● Material for this exercise
****

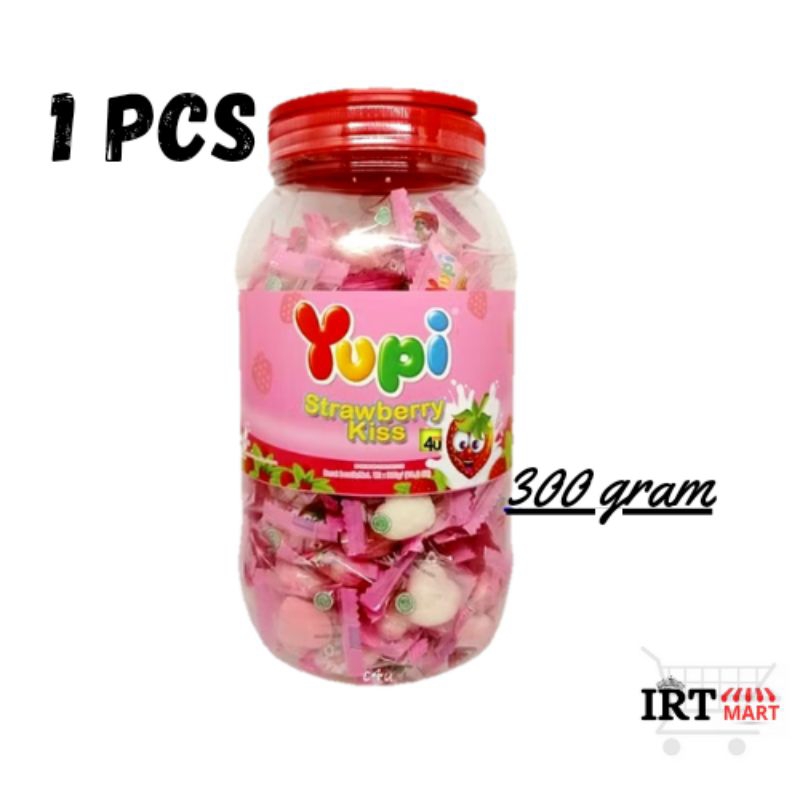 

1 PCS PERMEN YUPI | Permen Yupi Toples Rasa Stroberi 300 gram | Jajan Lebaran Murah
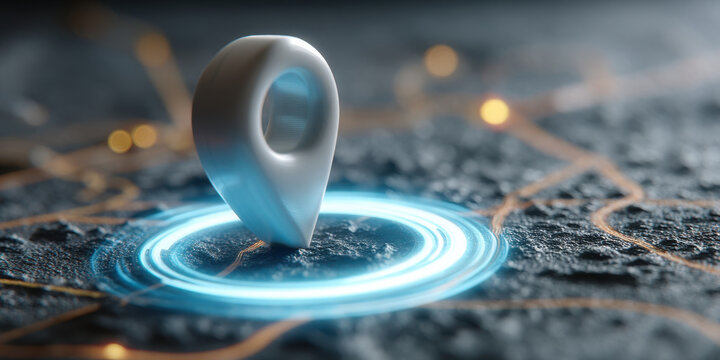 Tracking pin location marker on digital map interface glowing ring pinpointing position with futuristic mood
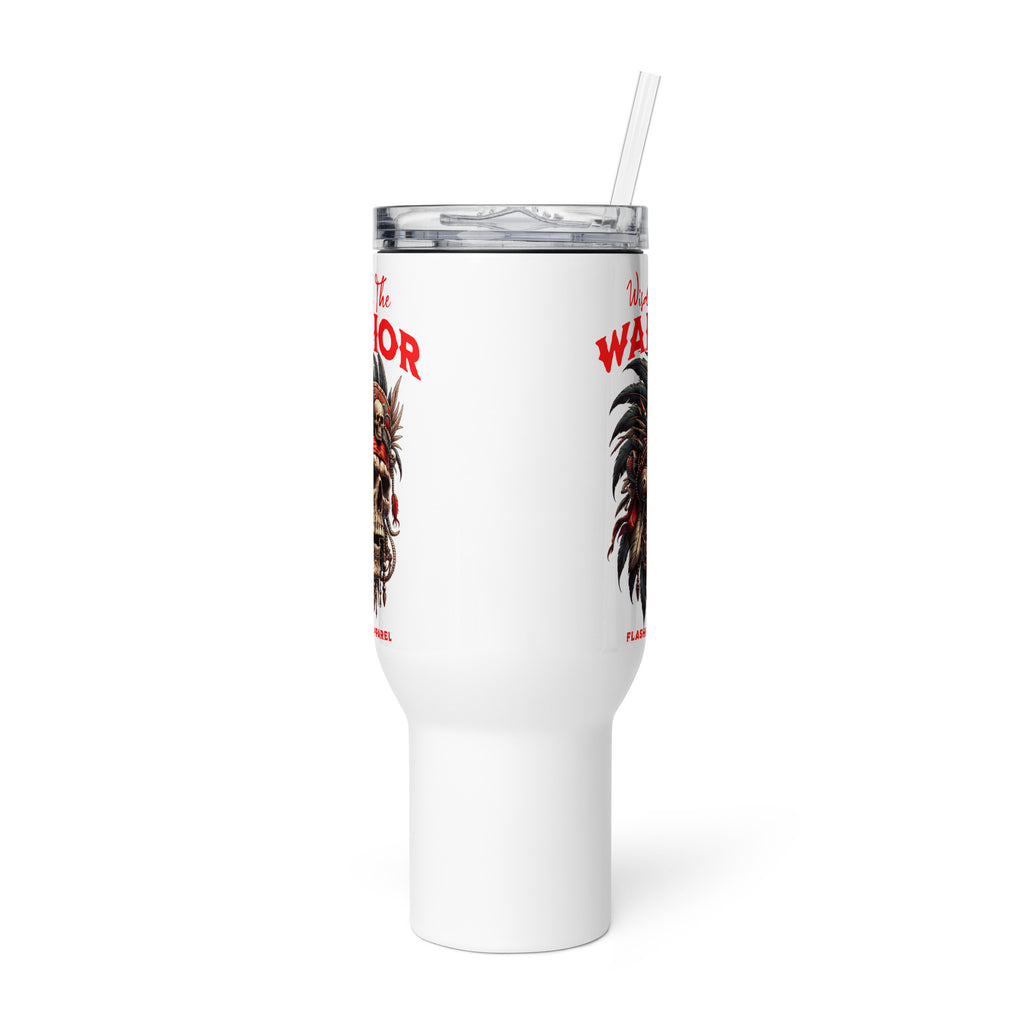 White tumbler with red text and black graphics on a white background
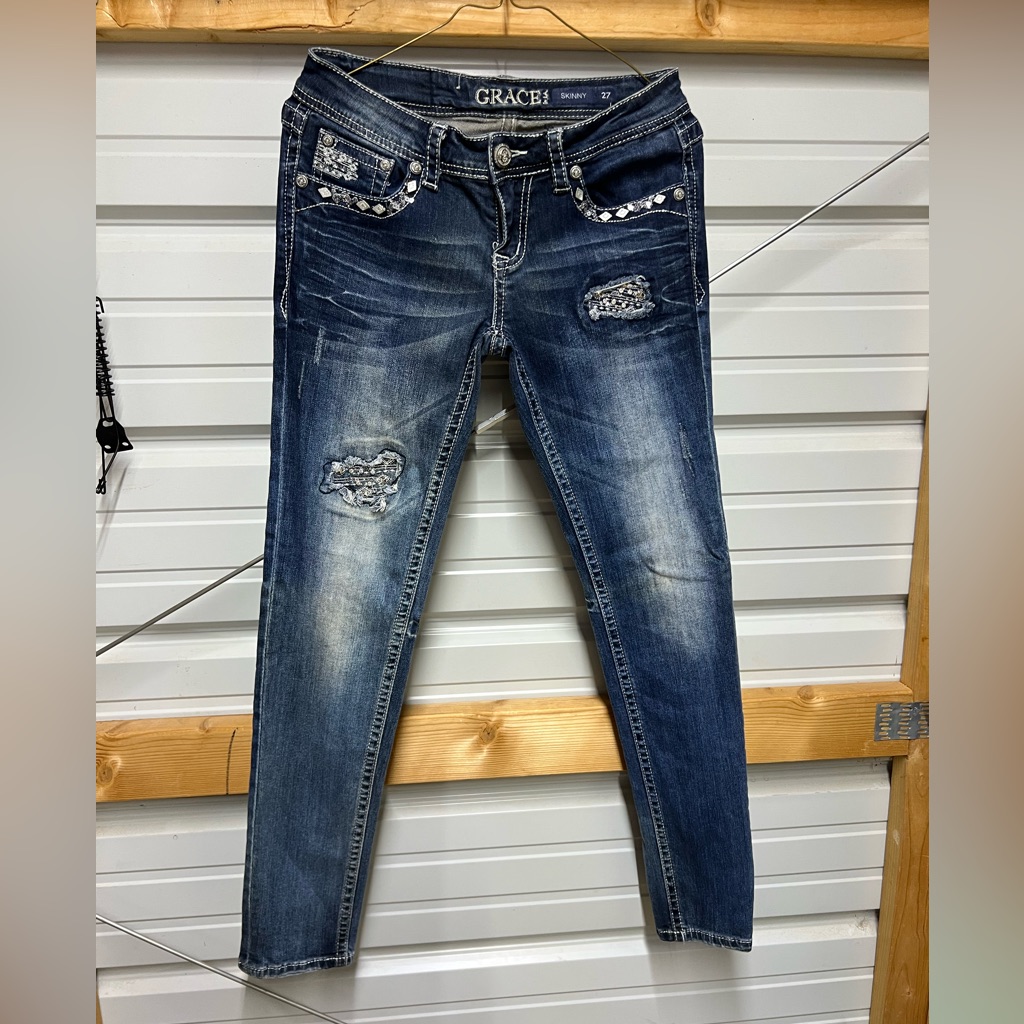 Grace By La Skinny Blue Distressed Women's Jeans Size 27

****

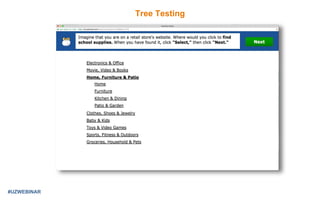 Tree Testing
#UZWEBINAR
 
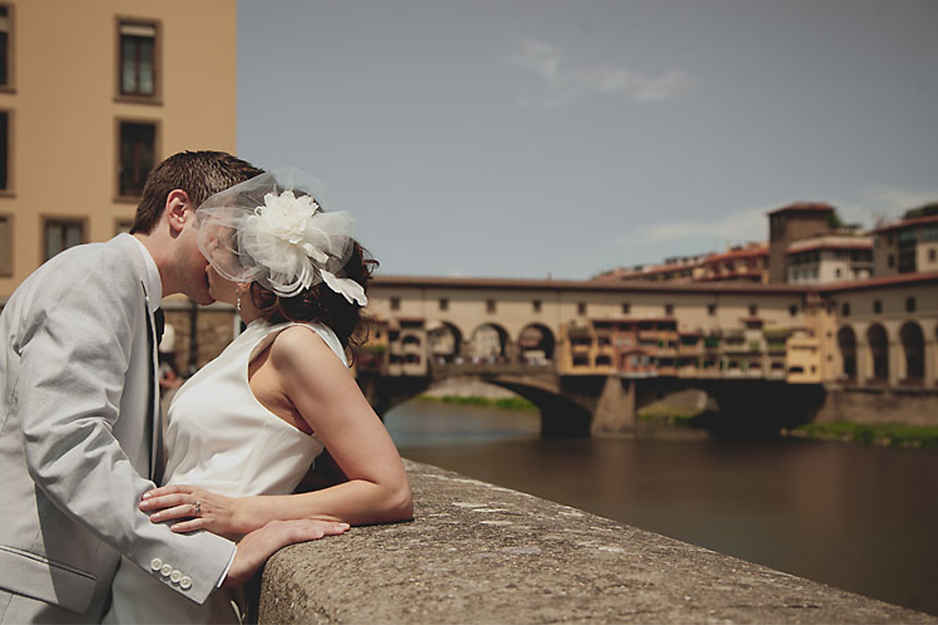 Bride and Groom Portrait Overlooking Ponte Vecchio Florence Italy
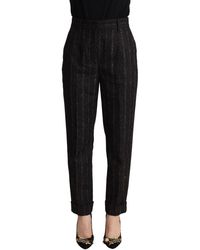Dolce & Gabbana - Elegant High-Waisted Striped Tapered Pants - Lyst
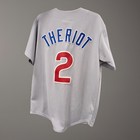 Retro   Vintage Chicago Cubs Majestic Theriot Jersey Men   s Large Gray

****

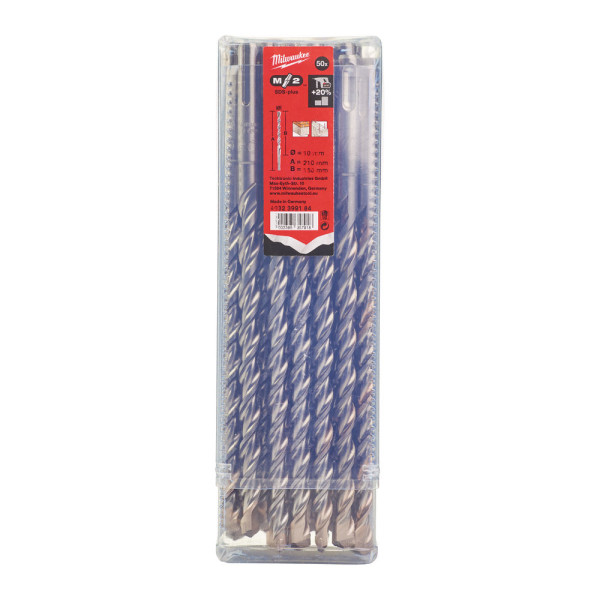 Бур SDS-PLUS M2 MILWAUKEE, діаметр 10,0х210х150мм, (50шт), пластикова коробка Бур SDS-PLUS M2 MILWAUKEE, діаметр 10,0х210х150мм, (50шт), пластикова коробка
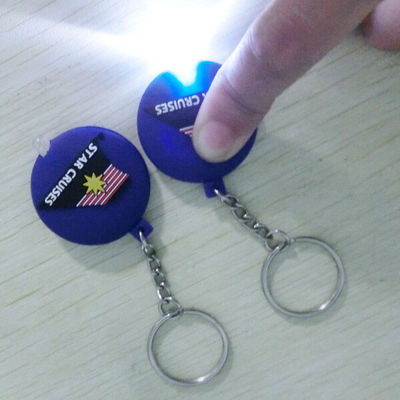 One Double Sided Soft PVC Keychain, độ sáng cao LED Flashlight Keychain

****

● What you will do
What is needed is an exact copy of the lines above, from the one holding "Bride and Groom" down to the one holding "s Large Gray", with those two included and the pictures left out.

● Solution for this problem
 Bride and Groom Portrait Overlooking Ponte Vecchio Florence Italy
Dolce & Gabbana - Elegant High-Waisted Striped Tapered Pants - Lyst
 Retro   Vintage Chicago Cubs Majestic Theriot Jersey Men   s Large Gray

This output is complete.